If you want to accurately and effectively monitor your systems, you need to avoid both false positives and false negatives.

This is a challenge I've faced a couple of times, at DataCash and at UK2.NET: how do you successfully monitor large automated systems? In slightly more detail: you need to find out as soon as possible if anything goes wrong, quickly and accurately. (The alternatives are fixing things before they break, which is impossible, and fixing things when your clients complain, which is unpalatable.)

Proper monitoring

The first issue is seemingly simple: you need to monitor everything. First of all, this means that you monitor your monitoring systems: the lack of any report is in itself a problem. (You do have a secondary data centre for this sort of purpose, right?) But this means that your monitoring systems produce two types of report: 1) a regular, everyday, behind the scenes "nothing to worry about" report that you only get to see if you really care, and 2) a "damn, something weird happened" report that gets sent to your email box / mobile phone / pager as soon as possible.

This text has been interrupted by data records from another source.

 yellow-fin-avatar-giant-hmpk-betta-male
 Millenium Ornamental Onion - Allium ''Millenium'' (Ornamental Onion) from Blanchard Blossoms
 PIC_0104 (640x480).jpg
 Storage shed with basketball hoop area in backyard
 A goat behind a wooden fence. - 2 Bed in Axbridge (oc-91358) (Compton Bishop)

Incidentally, never underestimate the value of full, comprehensive, unobtrusive logging. If you're doing something on your desktop machine and it crashes, or otherwise behaves fairly strangely, you've got some chance of knowing why things went wrong. (Often the machine will tell you, to your face.) But if there's a problem with a machine like a web server, well, your best hope is that shortly before everything went wrong it left you a Cthulhu-esque diary of a series of increasingly frightening events that got weirder and weirder as they went along, until the machine's brain snapped and it collapsed into a non-responsive gibbering heap.

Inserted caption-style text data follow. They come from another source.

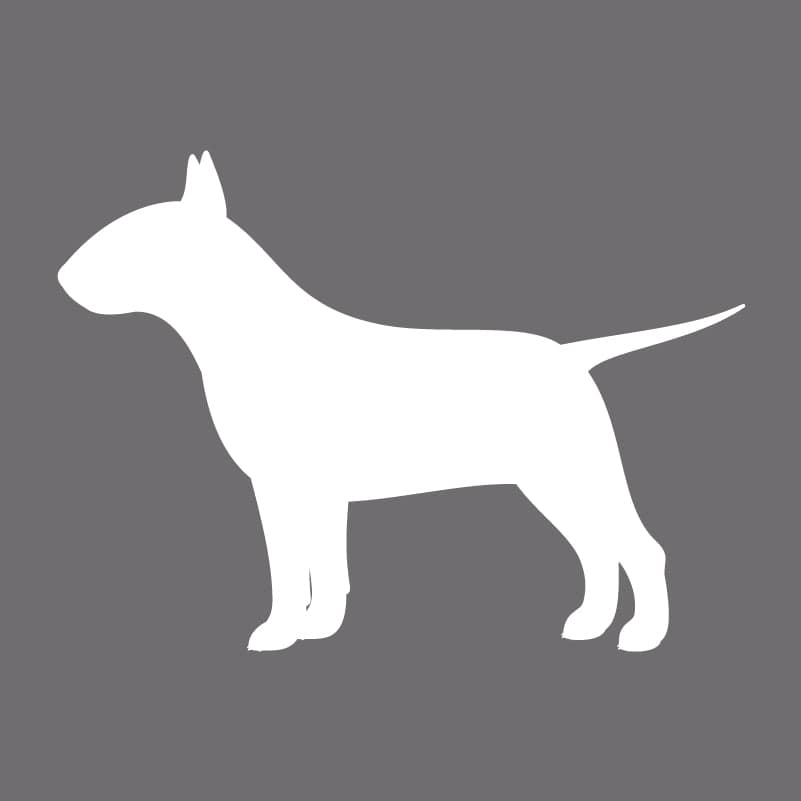 Bull Terrier Embroidered AKC Men's Polo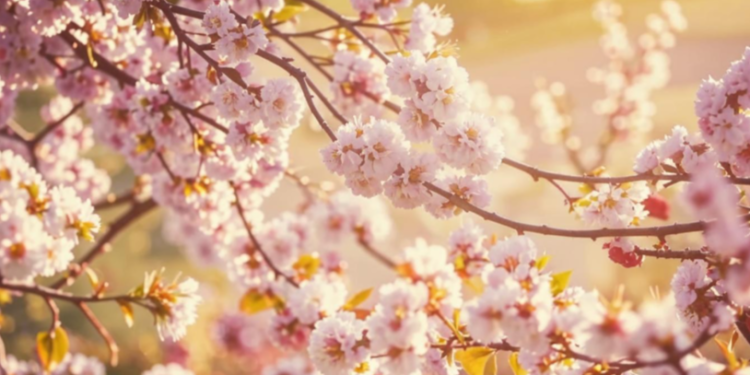 Синоптик Тишковец: в среду в Центральной России ожидается по-июньски теплая погода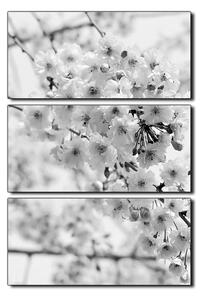 Slika na platnu - Trešnjin cvijet - pravokutnik 7279QB (90x60 cm )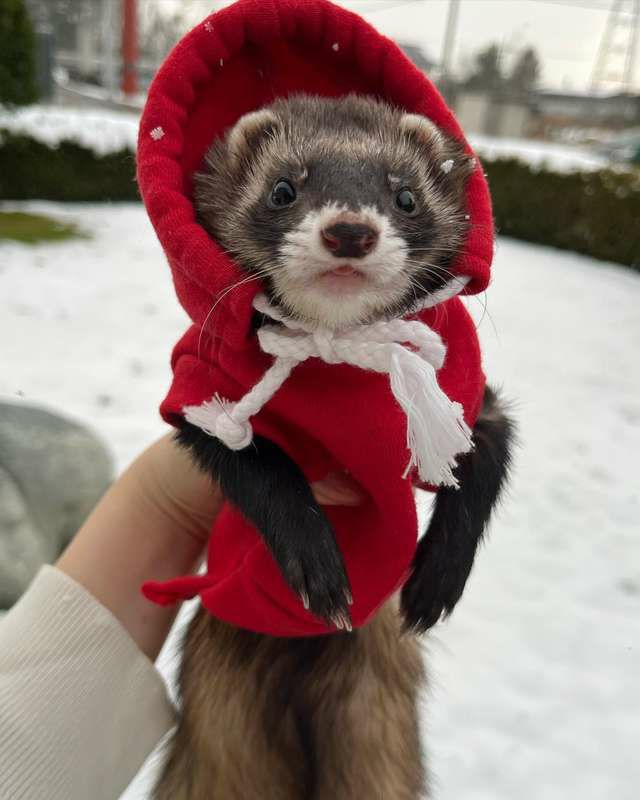 小動物用 フェレット 服 MarshalPet マーシャルペット フェレットの服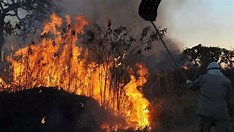 Amazônia bate recorde de focos de incêndio para o mês de fevereiro, mostra Inpe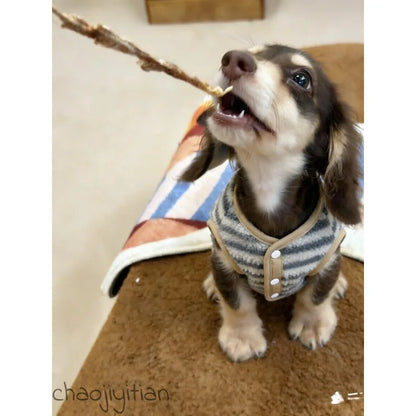 Striped Fleece Dog Vest — product view 3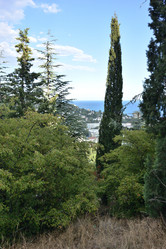 Similar image 21818407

(Hmmm. Perhaps I'm creating the wrong image here. After all, my point is that we need logs so we can work out, in retrospect, what went wrong, but any seasoned Cthulhu player knows that the last thing you do is read the notes left behind by a now insane / dead lunatic, because chances are that, by reading those notes, the same thing will happen to you.)

Anyway. It also means that you have to do something more intricate that just checking whether the box in question is actually up. You need to automate connecting to a web server and fetching a web page; you need to connect to an FTP server, send email, check that the email went where it should have gone, and so on. Or, if you're not prepared to do that, you need to have scripts that monitor the output of your web server, FTP server, MTA or whatever, and squawk when something weird happens.

No false alerts

OK, so the first issue is making sure that you catch every standard problem. The second is as tricky: it's making sure that you only send out alerts for things that are actual problems. (It's the boy who cried wolf, but with technology.) Otherwise, when your staff come to work, read their email, and there's a whole bunch of random email saying that something might be vaguely wrong, well, they're going to ignore it, either deliberately (delete all such mails) or unwittingly (not pay as much attention to those emails, because you know what they're going to say).

Also, if you check whether everything's fine every 5 minutes, say, and something breaks at 1pm and stays broken until 3pm, well, your systems shouldn't scream every five minutes that all hell has broken loose. In a situation like that, either a) staff know about it, but don't have time to turn off the warnings; or b) they don't know about it, which means the warnings have been useless. You need to be able to sit still if staff know about the problem, or escalate it if there's no response (e.g. the guy on call isn't answering his phone.)

I'm not pretending UK2 get this right, by any means. But, if I had the opportunity to revamp our systems, these are the principles I'd bear in mind when I did.